*Assignment:* Please set down exactly the lines of the listing below from the line containing "BATTTX Vordere Kettenradabdeckung" through the line containing "Brennenstuhl Garant IP44 Kabeltrommel", both lines included, leaving out all other lines.

*Records to use:*

★ ★ ★ ★

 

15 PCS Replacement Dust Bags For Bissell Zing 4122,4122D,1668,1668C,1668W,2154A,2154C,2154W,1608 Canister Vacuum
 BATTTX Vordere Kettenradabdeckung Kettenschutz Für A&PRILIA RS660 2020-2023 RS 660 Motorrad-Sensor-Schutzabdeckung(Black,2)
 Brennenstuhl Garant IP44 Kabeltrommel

★ ★ ★ ★

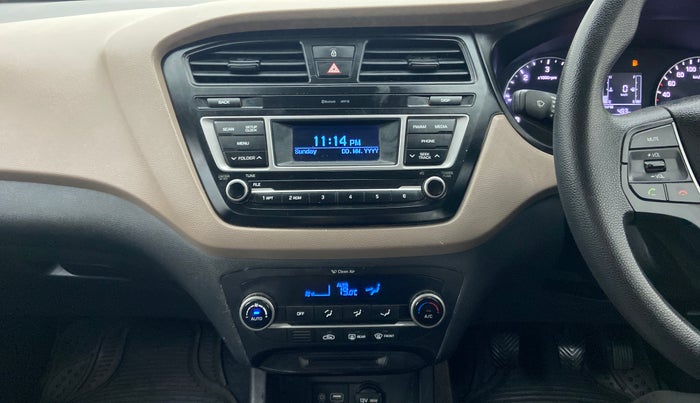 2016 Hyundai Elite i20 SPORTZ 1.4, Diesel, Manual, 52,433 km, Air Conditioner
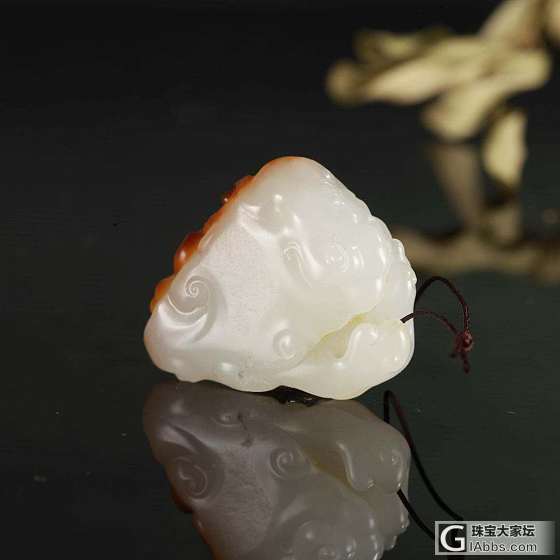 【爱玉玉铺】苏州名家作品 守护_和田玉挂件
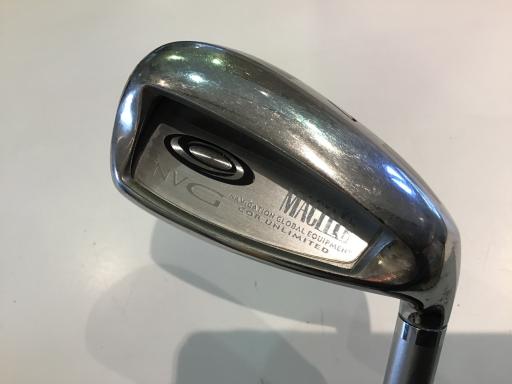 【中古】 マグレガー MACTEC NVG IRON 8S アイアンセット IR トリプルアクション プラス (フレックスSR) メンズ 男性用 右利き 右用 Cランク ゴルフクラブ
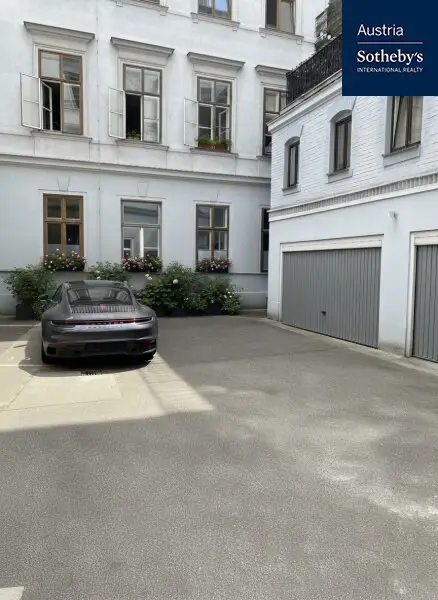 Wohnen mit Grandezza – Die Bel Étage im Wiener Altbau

★ ★ ★ ★

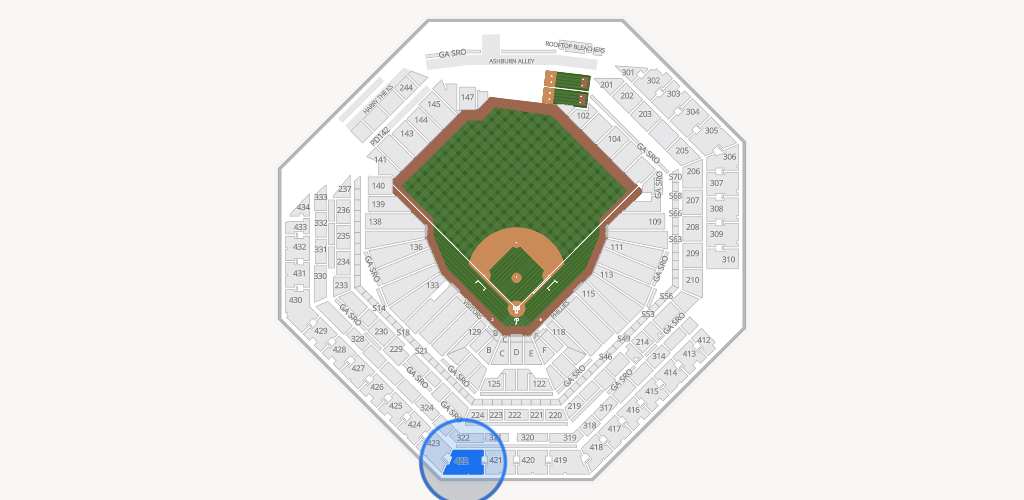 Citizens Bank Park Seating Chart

★ ★ ★ ★

*Answer to this task:*
 BATTTX Vordere Kettenradabdeckung Kettenschutz Für A&PRILIA RS660 2020-2023 RS 660 Motorrad-Sensor-Schutzabdeckung(Black,2)
 Brennenstuhl Garant IP44 Kabeltrommel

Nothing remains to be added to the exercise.